A recent question on StackOverflow brought up a topic that is not well covered in the official HANA documentation: the index structures used in HANA’s row-store.
The term CPB tree shows up in several locations in the HANA documentation (e.g. here) but there is no good explanation of what it means and what the HANA admin, developer, or user should do with it.
I answered that question but thought it might be worthwhile to keep a version of the answer on this blog, too.
So, here we go:
Where to begin here?
B-trees are very intensely studied and developed data structures, so pointing to a single document that explains all aspects relevant to this question and SAP HANA is a bit difficult.
Maybe it helps to unpack the term first:
This basically means, the B-tree index and leaf nodes do not contain the full strings for keys. Instead, the parts of the key-strings that are common among the keys (the prefixes) are stored separately. The leaf and index nodes then only contain
- the pointer to the prefix
- a kind of “delta” that contains the remaining key (this is where the partial key from the pkB-tree comes in)
- and a pointer to the data record (row id)
So, now we know that HANA uses compressed B-tree indexes (for row-store tables and for data that can be expressed as strings).

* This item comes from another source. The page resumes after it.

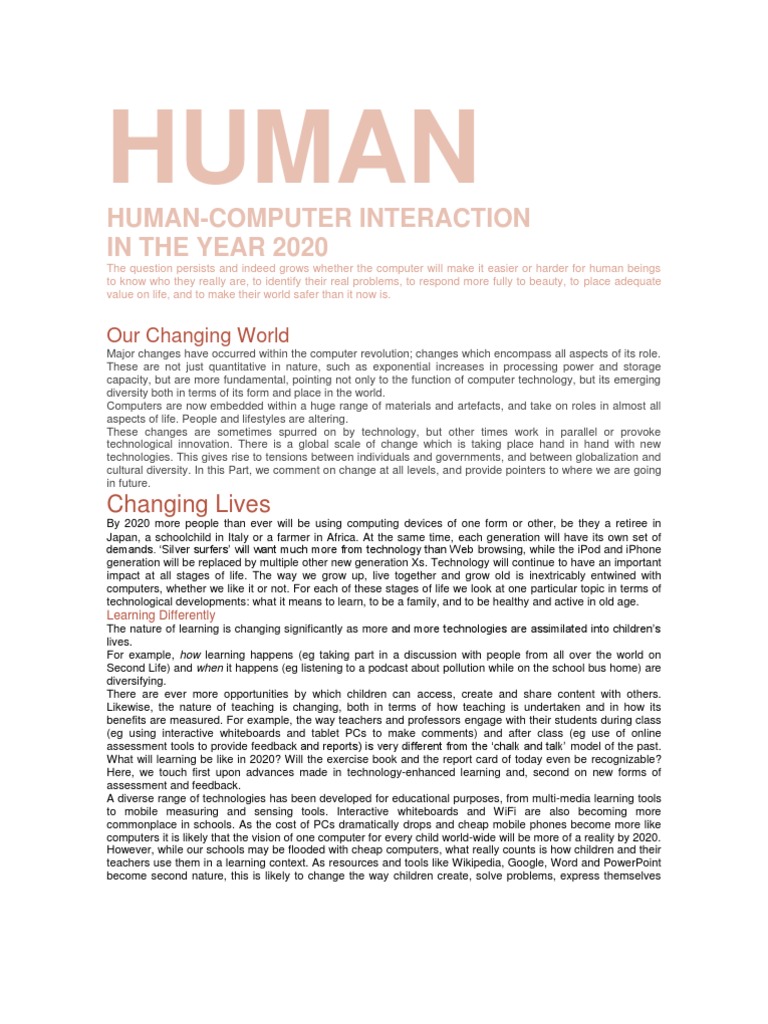 Human-Computer Interaction Trends 2020 | PDF | Learning | Educational ...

Why is this important for an in-memory database like HANA?
In short: memory transfer effort between RAM and CPU. The smaller the index structure, the more of it can fit into the CPU caches. To traverse (go through) the index, fewer back-and-forth movements of data have to be performed.
It’s a huge performance advantage.
This is complemented with specific “cache-conscious” index protocols (how the index structure is used by the HANA kernel) that try to minimize the RAM-CPU data transfers. The OLFIT protocol (optimistic, latch-free index traversal) is an important example of such protocols in HANA.
All this is an overly simplified explanation and I hope that it helps to make more sense nevertheless.
If you want to “dive deeper” and start reading academic papers around that topic then Cache-Conscious Concurrency Control of Main-Memory Indexes on Shared-Memory Multiprocessor Systems by Prof. Sang K. Cha. et al.
This is the same Sang K. Cha that created P*Time, an in-memory (row-store) DBMS in the early 2000s.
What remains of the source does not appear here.